The Financial Conduct Authority (FCA) has indicated that it intends to increase its supervisory focus on the application of the senior managers and certification regime (SMCR) conduct rules.
The FCA has published the findings of a review into how successfully the SMCR is embedded into the banking sector.
The results of this review will be of interest to firms in the banking sector as well as all other financial services firms to which the regime applies or will apply from 9 December 2019.
What does this mean?
The purpose of the review was for the FCA to understand whether there are any issues that warrant more focus from firms and the FCA. The FCA indicates that it will increase its supervisory focus on the conduct rules.
What did the FCA find?
The FCA interviewed 45 people at 15 banking sector firms, as well as trade associations, the Banking Standards Board, the FCA and the Prudential Regulation Authority. The FCA concludes that the industry has made a concerted effort to implement the regime and is moving away from basic rules-based compliance towards embedding the regime throughout organisations. Following concerns raised in interviews, the FCA reiterates:
- that it does not expect non-executive directors to act more like executive directors. However, it recognises that, especially in larger firms, the responsibilities of non-executive directors carrying out senior manager functions will often be considerable; and
- the importance of senior managers nurturing a healthy culture in an organisation.
While the FCA found evidence that: (a) processes and controls on approvals of new products and businesses have been tightened, potentially leading to firms being more risk averse around innovation initiatives; and (b) there is some evidence of recruitment challenges for candidates considering a senior manager or certification role, the FCA does not think that these potentially adverse consequences are of concern.
Not everything is so positive though. The FCA notes that most firms questioned under its review could not demonstrate the effectiveness of their assessment of certification staff and the regime for the ongoing evaluation of certification staff and their managers.
The FCA also observes that the evidence from its review suggests that firms do not always sufficiently tailor their conduct rules training to particular staff’s job roles.
In addition, the FCA notes that further progress in implementing the regime is necessary below manager level – that is, at the level of certification staff and conduct rules staff generally.

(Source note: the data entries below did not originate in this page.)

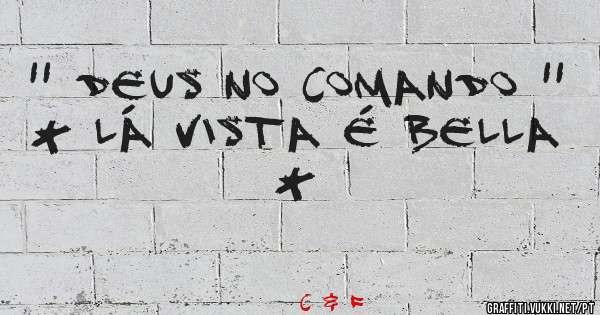'' Deus no Comando ''
  * Lá vista é bella *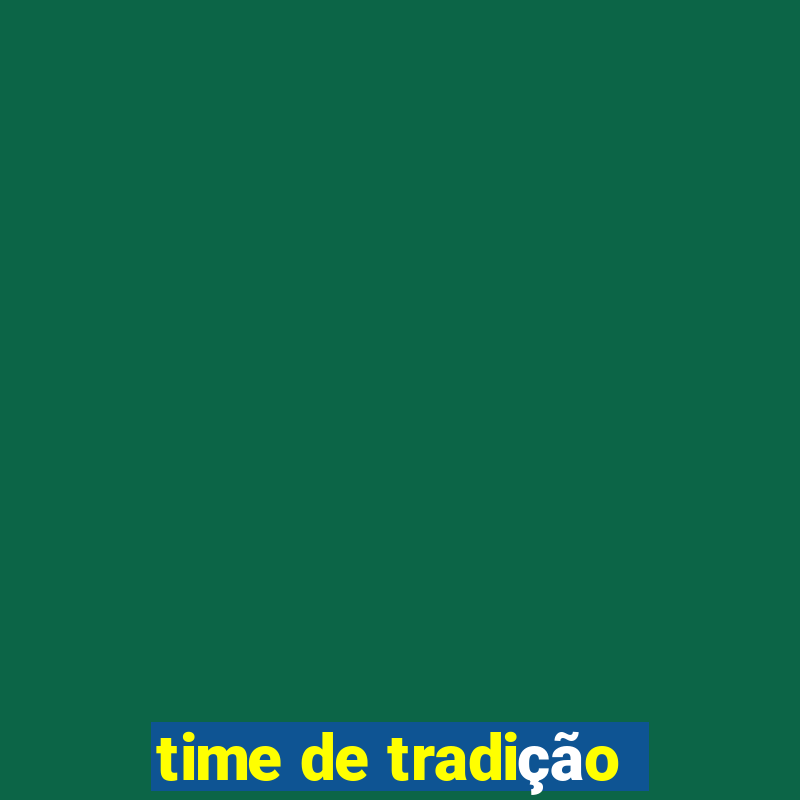 time de tradição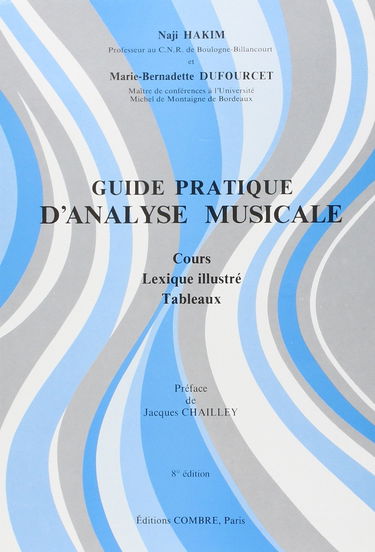 Guide pratique d'analyse musicale : Cours - Lexique illustré - Tableaux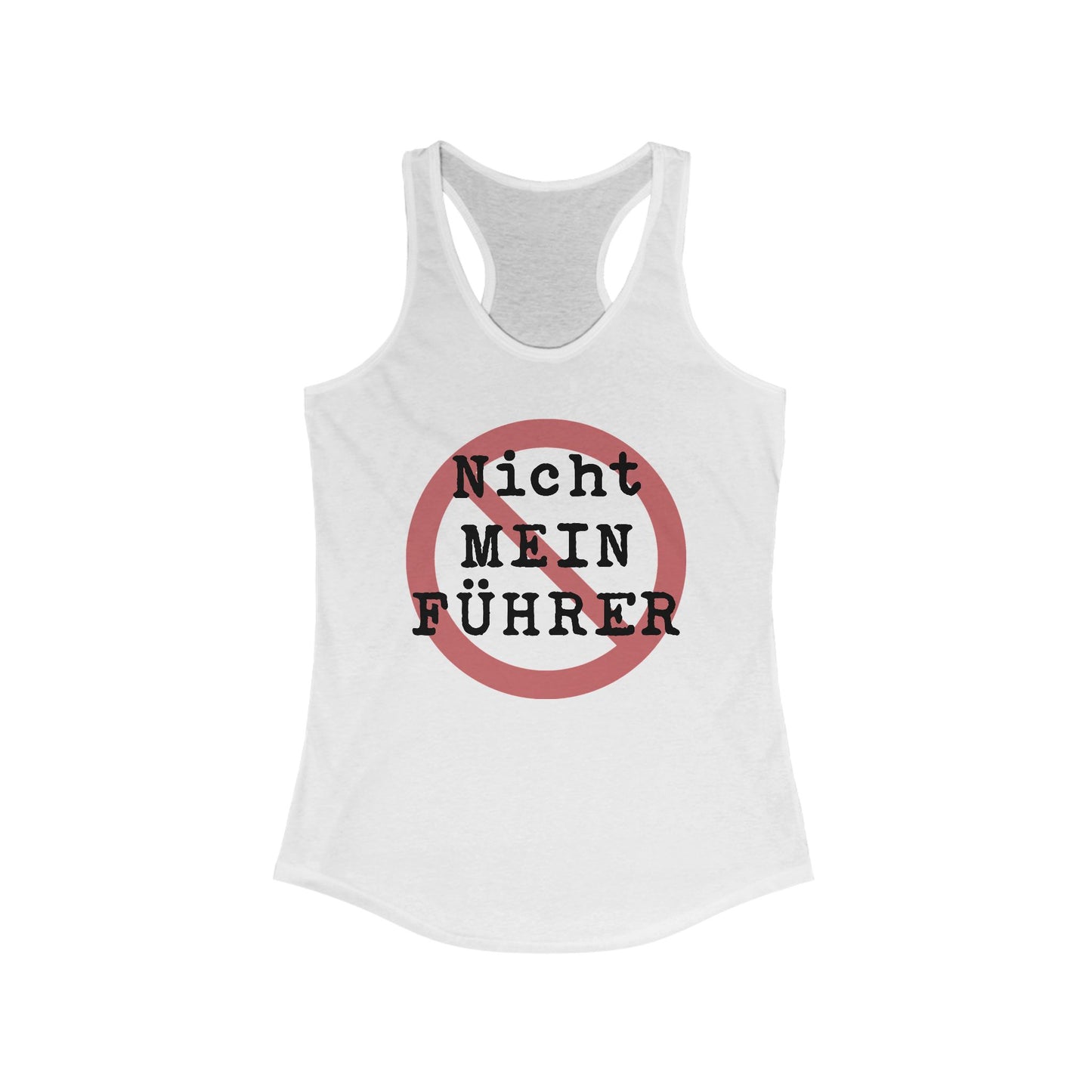 Nicht Mein Fuhrer / Cancel the King : Women's Racerback Tank Top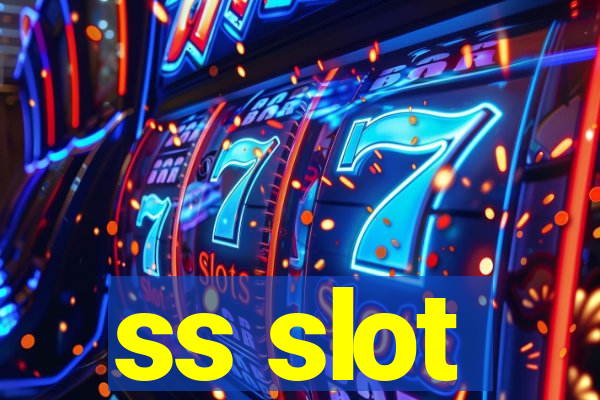 ss slot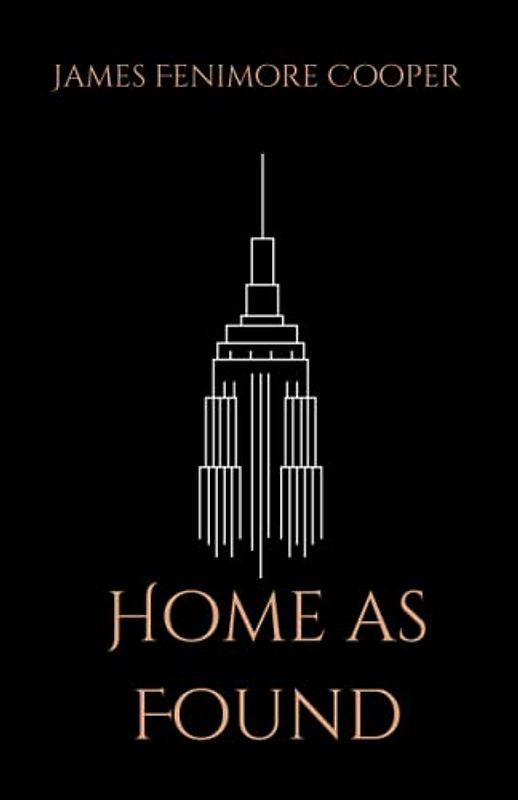 Home as Found: An American Historical Fiction Classic (Annotated)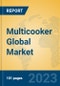 Multicooker Global Market Insights 2023, Analysis and Forecast to 2028, by Manufacturers, Regions, Technology, Application, Product Type - Product Image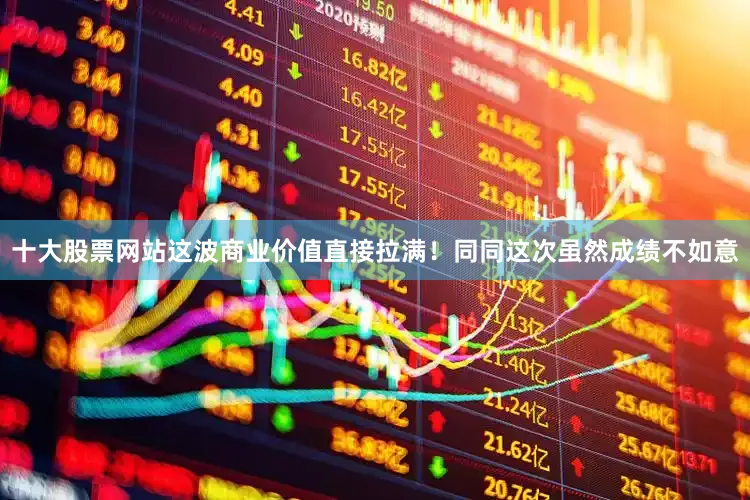 十大股票网站这波商业价值直接拉满！同同这次虽然成绩不如意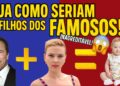 Como seriam os filhos das celebridades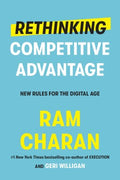 Rethinking Competitive Advantage : New Rules for the Digital Age (US) - MPHOnline.com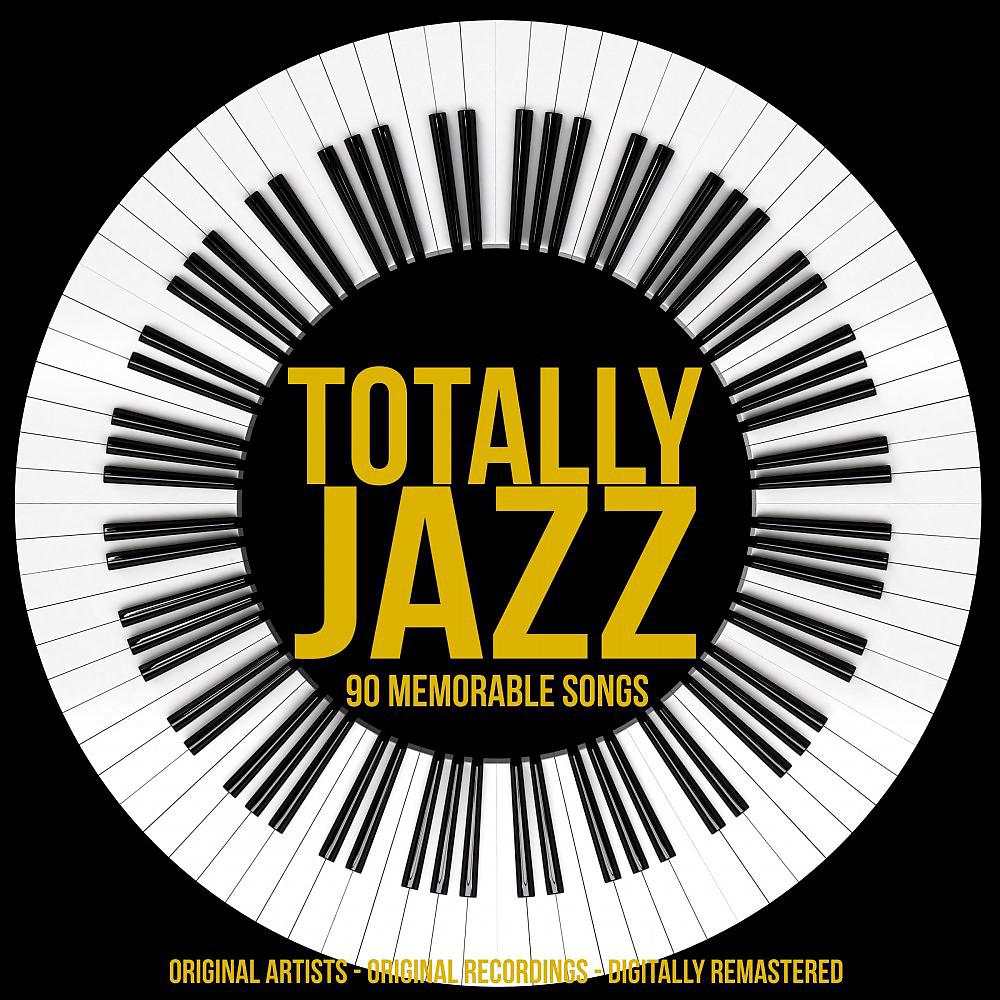 Постер альбома Totally Jazz: 90 Memorable Songs (Remastered)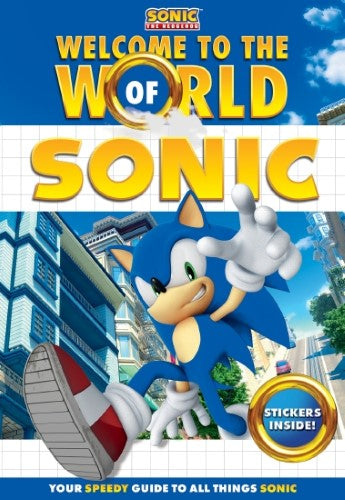 Welcome to the World of Sonic (Sega: Sonic The Hedgehog)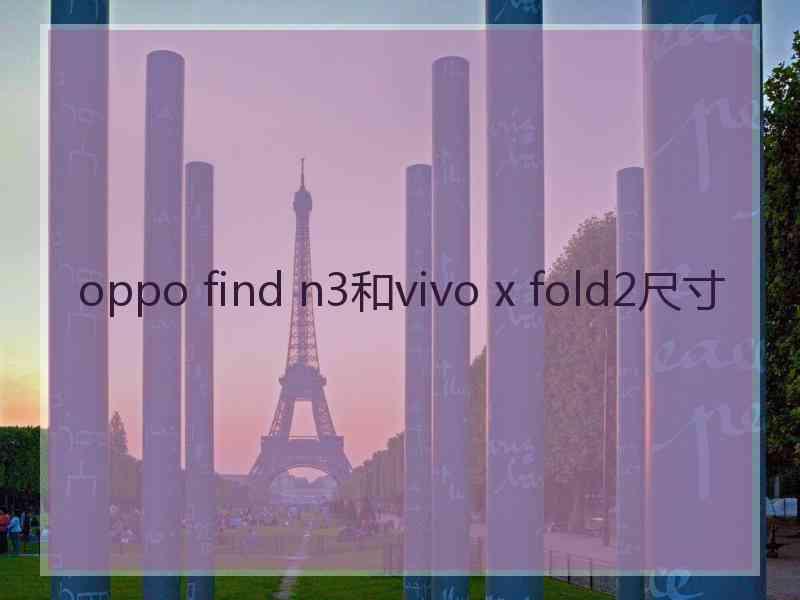 oppo find n3和vivo x fold2尺寸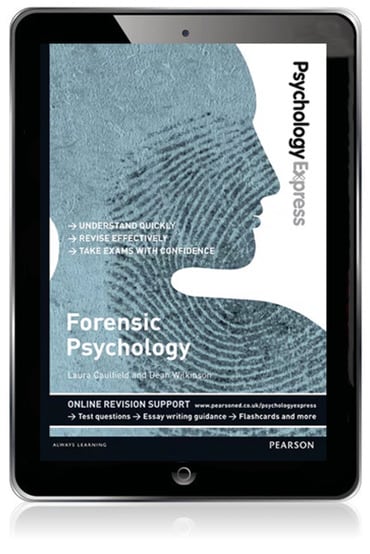 Psychology Express: Forensic Psychology, 1st edition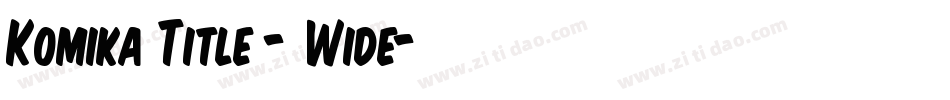 Komika Title - Wide字体转换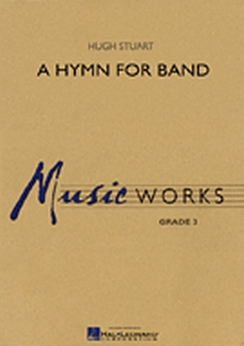 Musiknoten A Hymn for Band, Hugh Stuart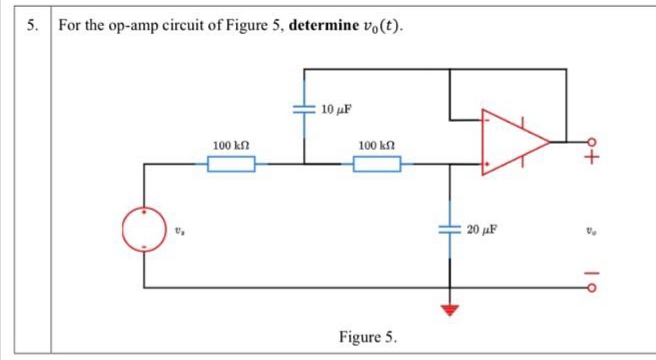 5. For the op-amp circuit of Figure 5, determine vo(t).
%₂
100 kn
10 μF
100 kft
Figure 5.
20 μF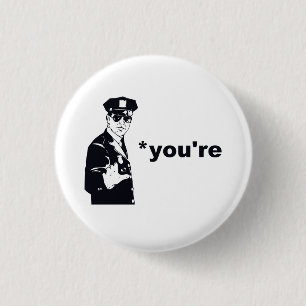 You're Your Grammar Police Pinback Button
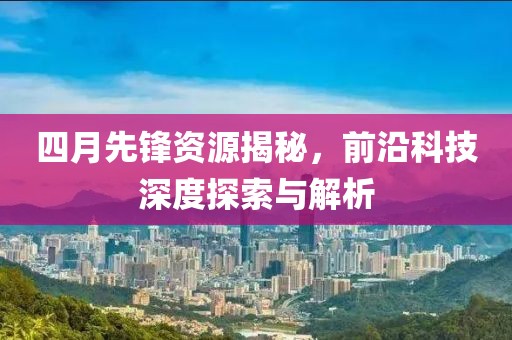 四月先锋资源揭秘，前沿科技深度探索与解析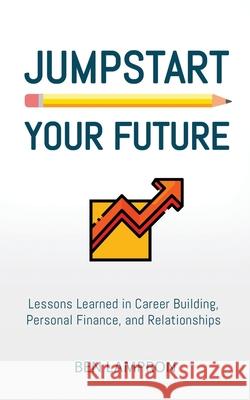 Jumpstart Your Future: Lessons Learned in Career Building, Personal Finance, and Relationships Ben Lampron 9781948382175 Jones Media Publishing - książka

The majority of firms interviewed by the FCA felt that the industry had some way to go to improve the quality and timeliness of regulatory references. These are required to try to address the potential issue of "rolling bad apples" and the FCA is likely to watch compliance in this area closely. In particular, the FCA also observed that firms are not always consistent in recording breaches of the Conduct Rules, which is something that could affect the accuracy of regulatory references when they are given.
What happens now?
The FCA intends to increase its supervisory focus on the conduct rules. It expects all SMCR firms to ensure that they are embedding the conduct rules in their businesses, including in building on the links between the SMCR and a firm's culture.
Firms already subject to the SMCR should review their existing practices with a view to making improvements (where necessary) in light of the FCA's findings.
Firms that will be subject to the SMCR from December should take heed of this input. For example, they should ensure that training on the SMCR for staff is sufficiently tailored and enables staff to explain what a conduct breach looks like in the context of their area of that particular business.